### The task
Look through the material for lines with the word "Mercedes", and copy each one.

### Provided material
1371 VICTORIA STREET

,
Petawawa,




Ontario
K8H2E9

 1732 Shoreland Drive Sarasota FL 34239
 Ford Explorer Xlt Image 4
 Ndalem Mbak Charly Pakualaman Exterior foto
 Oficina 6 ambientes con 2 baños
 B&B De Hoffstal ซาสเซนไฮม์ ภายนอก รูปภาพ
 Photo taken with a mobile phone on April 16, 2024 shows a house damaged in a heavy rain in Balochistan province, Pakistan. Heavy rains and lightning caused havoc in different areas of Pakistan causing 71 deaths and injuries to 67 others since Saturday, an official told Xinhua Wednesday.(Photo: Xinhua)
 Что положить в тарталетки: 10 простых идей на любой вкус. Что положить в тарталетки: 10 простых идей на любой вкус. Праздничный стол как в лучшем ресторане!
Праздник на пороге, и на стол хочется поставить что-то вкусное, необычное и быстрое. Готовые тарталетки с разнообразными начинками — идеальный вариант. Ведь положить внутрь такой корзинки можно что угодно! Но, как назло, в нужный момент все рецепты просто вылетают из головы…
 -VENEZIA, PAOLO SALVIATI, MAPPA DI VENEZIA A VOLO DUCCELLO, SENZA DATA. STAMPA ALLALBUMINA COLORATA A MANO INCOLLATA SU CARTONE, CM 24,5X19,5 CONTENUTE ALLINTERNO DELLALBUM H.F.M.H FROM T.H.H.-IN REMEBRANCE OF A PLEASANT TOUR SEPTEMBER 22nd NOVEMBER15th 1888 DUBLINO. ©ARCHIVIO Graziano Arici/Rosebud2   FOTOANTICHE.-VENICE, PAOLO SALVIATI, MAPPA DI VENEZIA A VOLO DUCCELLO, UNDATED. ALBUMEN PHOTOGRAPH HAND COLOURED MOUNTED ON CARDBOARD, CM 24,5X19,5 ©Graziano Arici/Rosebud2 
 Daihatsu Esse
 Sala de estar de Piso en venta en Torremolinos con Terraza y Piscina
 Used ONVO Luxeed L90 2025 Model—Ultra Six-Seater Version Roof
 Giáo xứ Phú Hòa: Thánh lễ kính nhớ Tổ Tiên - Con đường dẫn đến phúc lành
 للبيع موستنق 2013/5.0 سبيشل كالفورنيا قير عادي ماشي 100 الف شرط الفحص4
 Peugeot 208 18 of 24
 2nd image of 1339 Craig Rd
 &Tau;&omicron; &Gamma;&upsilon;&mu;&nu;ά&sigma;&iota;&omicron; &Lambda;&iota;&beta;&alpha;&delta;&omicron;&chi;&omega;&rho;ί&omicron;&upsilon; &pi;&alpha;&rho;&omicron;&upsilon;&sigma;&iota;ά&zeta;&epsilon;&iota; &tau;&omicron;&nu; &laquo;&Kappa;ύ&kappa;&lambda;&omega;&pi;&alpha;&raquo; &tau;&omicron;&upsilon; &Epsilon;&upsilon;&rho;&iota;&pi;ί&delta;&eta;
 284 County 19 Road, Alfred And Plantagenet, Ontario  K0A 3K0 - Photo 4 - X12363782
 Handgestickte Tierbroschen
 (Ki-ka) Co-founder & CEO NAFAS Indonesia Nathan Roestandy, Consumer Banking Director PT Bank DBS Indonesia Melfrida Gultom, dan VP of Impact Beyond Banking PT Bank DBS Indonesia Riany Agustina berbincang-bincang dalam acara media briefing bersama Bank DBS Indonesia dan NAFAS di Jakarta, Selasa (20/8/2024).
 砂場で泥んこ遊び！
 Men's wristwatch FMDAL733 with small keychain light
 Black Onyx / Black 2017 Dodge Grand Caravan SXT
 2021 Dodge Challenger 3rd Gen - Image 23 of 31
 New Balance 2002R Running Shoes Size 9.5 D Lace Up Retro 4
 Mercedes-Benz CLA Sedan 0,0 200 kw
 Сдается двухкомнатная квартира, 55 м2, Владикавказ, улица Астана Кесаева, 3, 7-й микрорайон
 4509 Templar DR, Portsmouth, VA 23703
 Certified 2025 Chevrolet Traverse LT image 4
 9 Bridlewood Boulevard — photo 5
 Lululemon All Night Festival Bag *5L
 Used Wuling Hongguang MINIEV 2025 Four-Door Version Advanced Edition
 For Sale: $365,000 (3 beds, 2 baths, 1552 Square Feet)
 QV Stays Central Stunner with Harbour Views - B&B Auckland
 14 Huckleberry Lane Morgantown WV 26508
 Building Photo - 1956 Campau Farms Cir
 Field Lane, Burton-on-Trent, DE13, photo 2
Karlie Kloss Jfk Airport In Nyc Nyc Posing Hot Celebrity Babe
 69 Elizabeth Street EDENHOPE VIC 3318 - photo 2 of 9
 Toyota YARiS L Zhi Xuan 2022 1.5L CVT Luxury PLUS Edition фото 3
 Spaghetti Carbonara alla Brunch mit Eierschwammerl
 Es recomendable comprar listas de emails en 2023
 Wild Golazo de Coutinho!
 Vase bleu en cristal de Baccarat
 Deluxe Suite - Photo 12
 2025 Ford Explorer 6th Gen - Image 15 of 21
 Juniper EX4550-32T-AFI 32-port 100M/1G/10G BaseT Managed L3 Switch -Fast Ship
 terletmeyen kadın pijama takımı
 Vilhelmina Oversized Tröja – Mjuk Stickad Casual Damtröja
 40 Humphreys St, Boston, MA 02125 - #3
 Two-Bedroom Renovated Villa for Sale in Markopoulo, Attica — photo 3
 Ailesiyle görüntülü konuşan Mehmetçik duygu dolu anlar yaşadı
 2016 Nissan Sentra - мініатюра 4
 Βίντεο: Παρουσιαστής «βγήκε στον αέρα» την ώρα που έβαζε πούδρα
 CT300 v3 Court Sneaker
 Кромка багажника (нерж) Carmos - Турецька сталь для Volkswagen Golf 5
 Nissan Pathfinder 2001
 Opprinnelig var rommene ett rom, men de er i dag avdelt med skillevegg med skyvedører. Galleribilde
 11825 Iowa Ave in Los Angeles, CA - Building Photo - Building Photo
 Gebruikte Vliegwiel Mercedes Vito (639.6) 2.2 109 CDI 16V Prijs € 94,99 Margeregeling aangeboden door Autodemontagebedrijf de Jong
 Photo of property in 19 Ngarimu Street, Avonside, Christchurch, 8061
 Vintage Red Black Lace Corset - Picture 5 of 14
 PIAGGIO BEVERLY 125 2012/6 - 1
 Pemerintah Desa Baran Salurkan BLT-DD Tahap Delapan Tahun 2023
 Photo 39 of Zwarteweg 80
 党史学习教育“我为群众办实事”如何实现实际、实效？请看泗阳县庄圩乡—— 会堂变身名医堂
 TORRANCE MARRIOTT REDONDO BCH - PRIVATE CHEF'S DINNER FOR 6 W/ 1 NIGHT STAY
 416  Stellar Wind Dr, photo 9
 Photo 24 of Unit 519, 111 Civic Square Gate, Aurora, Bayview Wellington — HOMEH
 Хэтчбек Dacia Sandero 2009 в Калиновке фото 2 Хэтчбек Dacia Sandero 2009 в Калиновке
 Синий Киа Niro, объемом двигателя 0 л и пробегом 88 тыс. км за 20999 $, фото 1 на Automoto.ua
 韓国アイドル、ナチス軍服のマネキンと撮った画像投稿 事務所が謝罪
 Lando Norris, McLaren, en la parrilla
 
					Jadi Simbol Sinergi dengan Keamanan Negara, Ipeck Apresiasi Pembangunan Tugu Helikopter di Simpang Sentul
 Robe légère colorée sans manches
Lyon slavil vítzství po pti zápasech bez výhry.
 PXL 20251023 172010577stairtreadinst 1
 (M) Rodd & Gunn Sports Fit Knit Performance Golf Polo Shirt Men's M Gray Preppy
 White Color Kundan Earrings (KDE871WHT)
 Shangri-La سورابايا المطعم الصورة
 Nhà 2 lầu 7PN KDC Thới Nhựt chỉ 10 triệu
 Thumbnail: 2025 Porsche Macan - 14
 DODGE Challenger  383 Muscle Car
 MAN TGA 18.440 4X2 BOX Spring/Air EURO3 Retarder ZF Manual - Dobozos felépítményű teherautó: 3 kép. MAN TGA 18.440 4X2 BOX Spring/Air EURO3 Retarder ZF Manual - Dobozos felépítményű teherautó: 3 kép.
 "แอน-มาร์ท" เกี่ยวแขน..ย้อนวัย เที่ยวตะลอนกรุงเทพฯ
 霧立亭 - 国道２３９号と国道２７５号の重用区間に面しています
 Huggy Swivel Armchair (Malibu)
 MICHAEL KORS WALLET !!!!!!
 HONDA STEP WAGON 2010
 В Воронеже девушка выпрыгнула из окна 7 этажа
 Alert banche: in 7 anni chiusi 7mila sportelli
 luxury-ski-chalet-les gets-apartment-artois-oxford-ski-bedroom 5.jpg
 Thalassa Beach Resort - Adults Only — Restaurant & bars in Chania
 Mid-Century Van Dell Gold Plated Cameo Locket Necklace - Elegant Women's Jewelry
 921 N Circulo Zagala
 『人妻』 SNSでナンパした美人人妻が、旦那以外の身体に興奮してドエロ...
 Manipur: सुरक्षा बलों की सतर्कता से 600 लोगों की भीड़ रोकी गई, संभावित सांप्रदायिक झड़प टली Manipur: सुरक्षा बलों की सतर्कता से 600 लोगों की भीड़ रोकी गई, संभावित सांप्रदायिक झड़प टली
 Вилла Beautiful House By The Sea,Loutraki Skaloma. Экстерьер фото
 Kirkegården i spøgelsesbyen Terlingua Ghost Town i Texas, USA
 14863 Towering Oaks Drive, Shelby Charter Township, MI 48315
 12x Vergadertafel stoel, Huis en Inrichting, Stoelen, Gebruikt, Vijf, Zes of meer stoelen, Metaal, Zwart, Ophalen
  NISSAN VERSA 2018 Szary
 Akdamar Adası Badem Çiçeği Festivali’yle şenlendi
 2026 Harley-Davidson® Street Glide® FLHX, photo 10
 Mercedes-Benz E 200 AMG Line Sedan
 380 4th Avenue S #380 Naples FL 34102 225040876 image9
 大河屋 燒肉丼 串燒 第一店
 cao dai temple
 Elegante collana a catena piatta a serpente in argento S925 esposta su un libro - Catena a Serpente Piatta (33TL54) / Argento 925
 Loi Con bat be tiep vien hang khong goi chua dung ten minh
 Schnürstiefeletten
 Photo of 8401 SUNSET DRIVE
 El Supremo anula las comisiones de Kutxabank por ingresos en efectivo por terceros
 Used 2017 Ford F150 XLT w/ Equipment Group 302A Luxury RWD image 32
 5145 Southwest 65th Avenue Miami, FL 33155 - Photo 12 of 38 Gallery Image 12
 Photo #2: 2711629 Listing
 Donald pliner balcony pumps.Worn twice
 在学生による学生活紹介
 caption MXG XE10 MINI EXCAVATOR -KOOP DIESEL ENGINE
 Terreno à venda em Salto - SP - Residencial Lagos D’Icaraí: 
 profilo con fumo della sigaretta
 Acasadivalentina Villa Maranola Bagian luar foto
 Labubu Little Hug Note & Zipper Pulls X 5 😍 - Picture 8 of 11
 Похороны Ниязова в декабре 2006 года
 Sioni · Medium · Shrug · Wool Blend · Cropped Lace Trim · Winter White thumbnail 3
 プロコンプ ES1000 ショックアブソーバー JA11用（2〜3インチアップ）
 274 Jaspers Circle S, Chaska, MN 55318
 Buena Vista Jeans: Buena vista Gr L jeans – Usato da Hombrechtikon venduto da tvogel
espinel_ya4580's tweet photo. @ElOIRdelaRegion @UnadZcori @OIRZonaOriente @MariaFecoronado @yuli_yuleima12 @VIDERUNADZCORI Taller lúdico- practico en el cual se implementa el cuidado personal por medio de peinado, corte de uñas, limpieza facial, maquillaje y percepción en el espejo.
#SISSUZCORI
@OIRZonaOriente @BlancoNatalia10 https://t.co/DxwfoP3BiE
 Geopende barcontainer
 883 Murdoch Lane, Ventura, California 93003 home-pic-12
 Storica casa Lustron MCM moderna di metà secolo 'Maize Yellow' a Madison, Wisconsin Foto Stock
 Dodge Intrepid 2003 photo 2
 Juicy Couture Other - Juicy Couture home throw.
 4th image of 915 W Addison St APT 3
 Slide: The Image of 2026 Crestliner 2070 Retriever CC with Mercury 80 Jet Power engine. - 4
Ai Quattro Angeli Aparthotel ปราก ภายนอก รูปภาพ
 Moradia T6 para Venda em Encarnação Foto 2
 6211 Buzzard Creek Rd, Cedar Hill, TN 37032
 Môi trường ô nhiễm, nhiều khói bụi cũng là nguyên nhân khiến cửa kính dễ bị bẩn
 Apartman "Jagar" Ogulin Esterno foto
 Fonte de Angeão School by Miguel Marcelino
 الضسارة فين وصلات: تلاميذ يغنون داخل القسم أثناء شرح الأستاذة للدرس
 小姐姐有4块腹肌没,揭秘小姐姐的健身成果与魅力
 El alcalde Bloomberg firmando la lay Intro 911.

### Exercise response
 Mercedes-Benz CLA Sedan 0,0 200 kw
 Gebruikte Vliegwiel Mercedes Vito (639.6) 2.2 109 CDI 16V Prijs € 94,99 Margeregeling aangeboden door Autodemontagebedrijf de Jong
 Mercedes-Benz E 200 AMG Line Sedan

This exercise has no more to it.